The principle of reinforcement learning is to create an agent free to take actions within an environment. These actions alter the agent’s state, and this change in state is followed by a reward. For the agent, the goal is to maximize its rewards, which drives it to learn which actions to take to obtain the highest rewards.
Let’s imagine we are on a street, and I ask you this question:
- What is the best restaurant where we can eat?
You will first identify which street we are on. Let’s imagine we are on a street called The Gourmet Avenue. If you have never been on this street before, you won’t know how to answer.
Since we don’t have the answer, we decide to go to a random restaurant called Burgir Restaurant. Unfortunately, we find out that it’s not good at all. So, we note that when we were on The Gourmet Avenue, the Burgir Restaurant was not a good choice.
The next day, we come back to the same street, and I ask you the same question. You still don’t know which is the best restaurant, but at least you know that Burgir Restaurant should be avoided.
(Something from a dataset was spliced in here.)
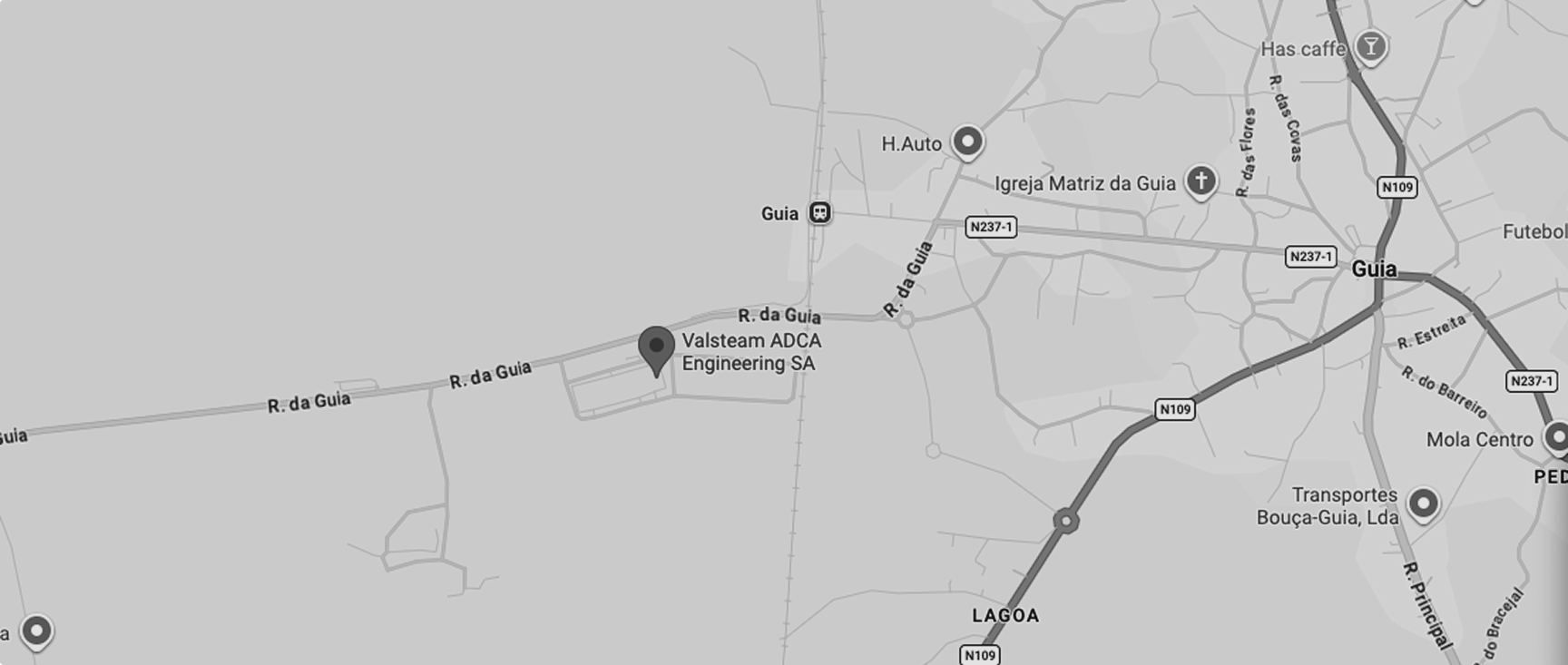 Mapa de localização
So, we decide to go to another restaurant called Master Chicken. This time, it turns out that this place is excellent. We then note that Master Chicken on The Gourmet Avenue is a very good choice.
Now, the next time I ask you the question, you will be able to tell me that the best restaurant you know on The Gourmet Avenue is Master Chicken.
That said, nothing guarantees it’s the best restaurant, but based on our experience, it is. However, to truly know the best restaurant, we need to explore other places, try different restaurants, and not rely only on what we already know.
Because, imagine we go to another street where we have never been, and I ask you the same question, the same initial problem will arise again.
This is exactly the principle of reinforcement learning. To avoid being in a situation where you cannot answer, you need to try new restaurants on other streets. After a while, you will be able to more or less answer the question on any street. But for that, you’ll need to test a lot of restaurants...
In this scenario:
- We are the agent.
- Eating at a location is an action.
- The street and the restaurant characterize a state.
- Our opinions about the locations represent the rewards.
For the agent to achieve the best results, it must learn by visiting different states, and in each state, it receives either a positive or a negative reward. This is what allows it to build its experiences and make decisions later on.
The snake can only see in the 4 directions from its head. The following image represents the snake vision.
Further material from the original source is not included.